● **EXERCISE GOAL**
Every line of the listing must be reproduced as it stands. Leave the images behind.

● **DATA BLOCK**
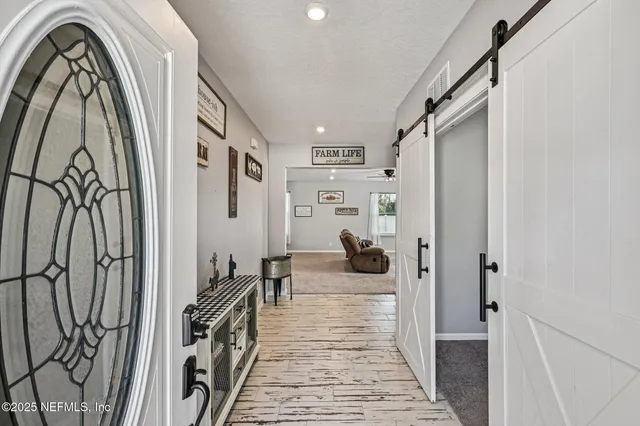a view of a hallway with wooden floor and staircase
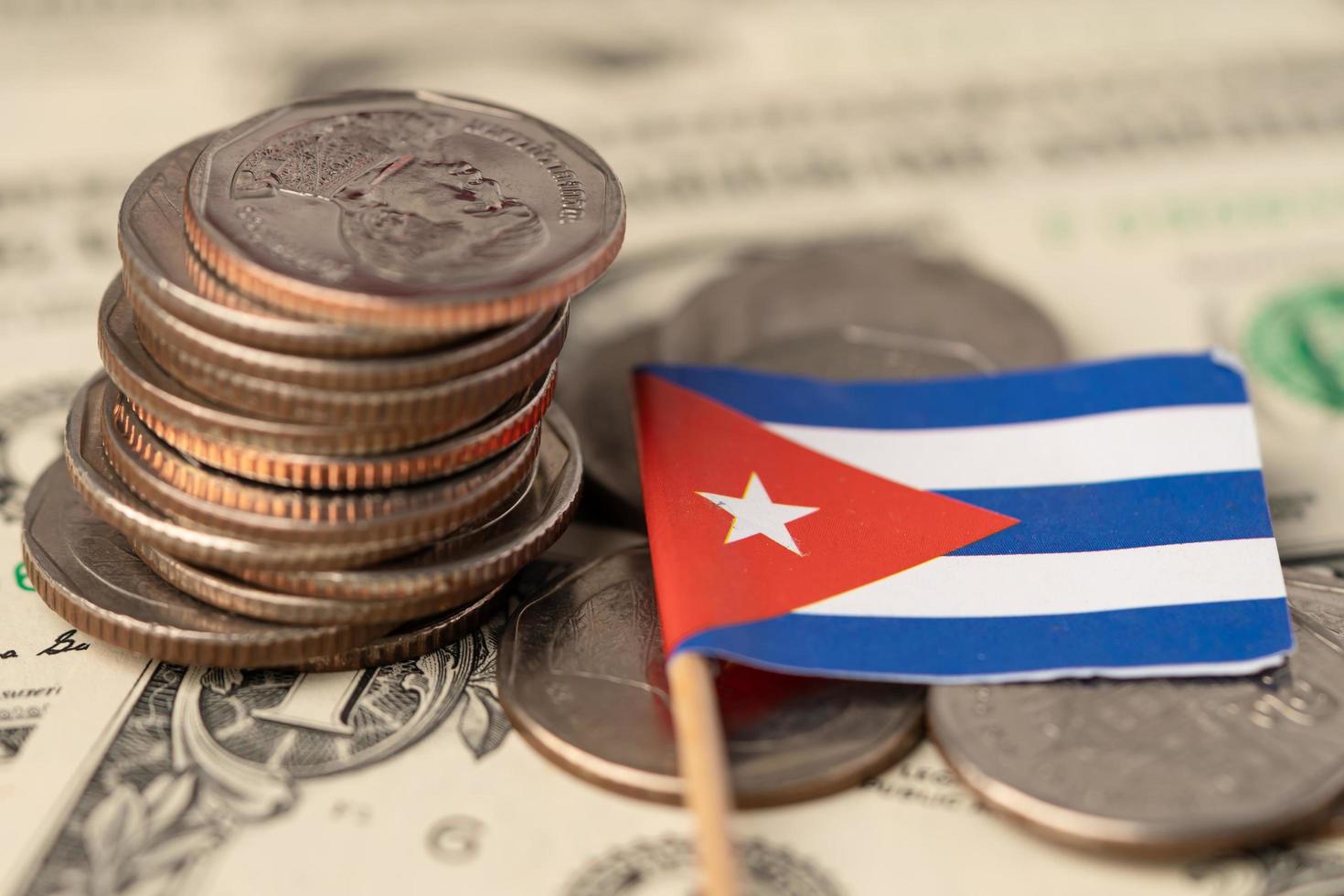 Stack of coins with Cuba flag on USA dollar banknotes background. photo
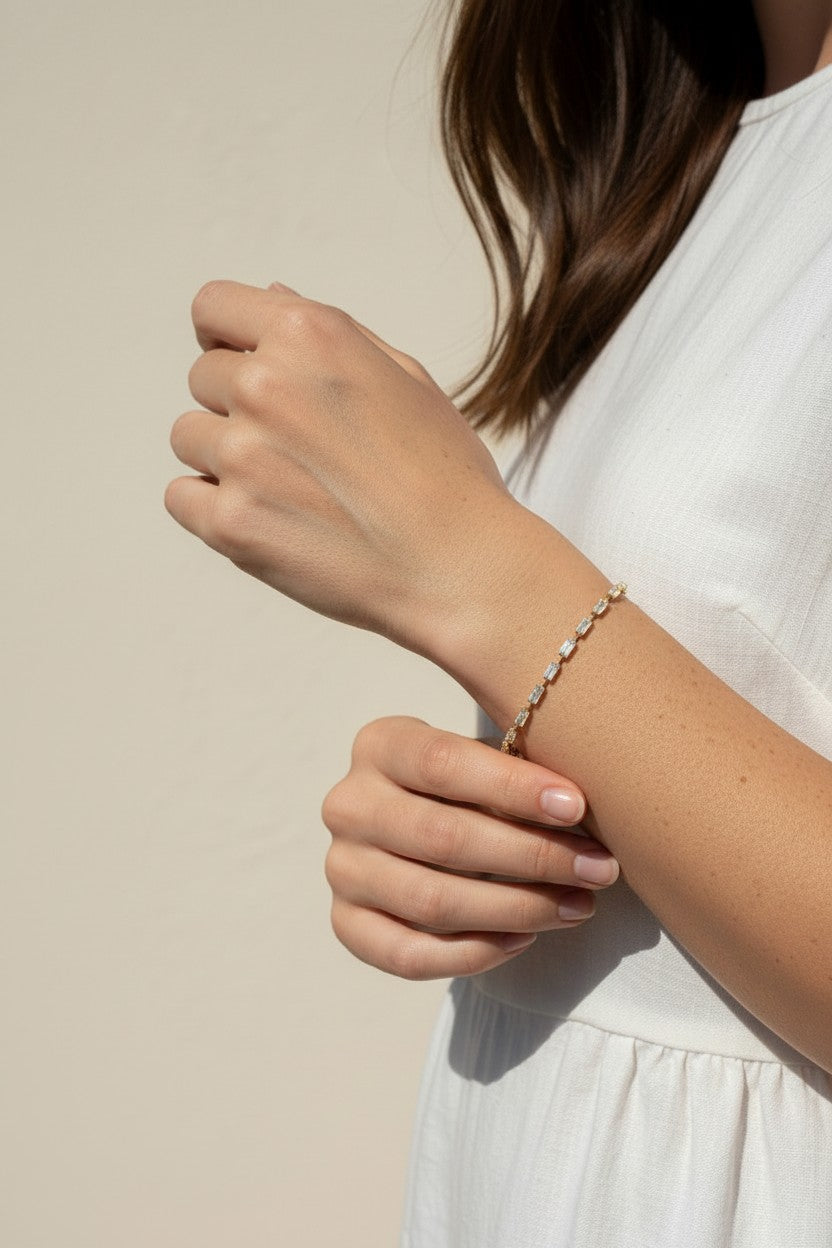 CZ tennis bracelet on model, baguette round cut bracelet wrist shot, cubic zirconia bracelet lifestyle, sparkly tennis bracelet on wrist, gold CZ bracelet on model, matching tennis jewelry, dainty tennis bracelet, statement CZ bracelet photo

● **ANSWER TO THIS TASK**
a view of a hallway with wooden floor and staircase
 Stack of coins with Cuba flag on USA dollar banknotes background. photo
 CZ tennis bracelet on model, baguette round cut bracelet wrist shot, cubic zirconia bracelet lifestyle, sparkly tennis bracelet on wrist, gold CZ bracelet on model, matching tennis jewelry, dainty tennis bracelet, statement CZ bracelet photo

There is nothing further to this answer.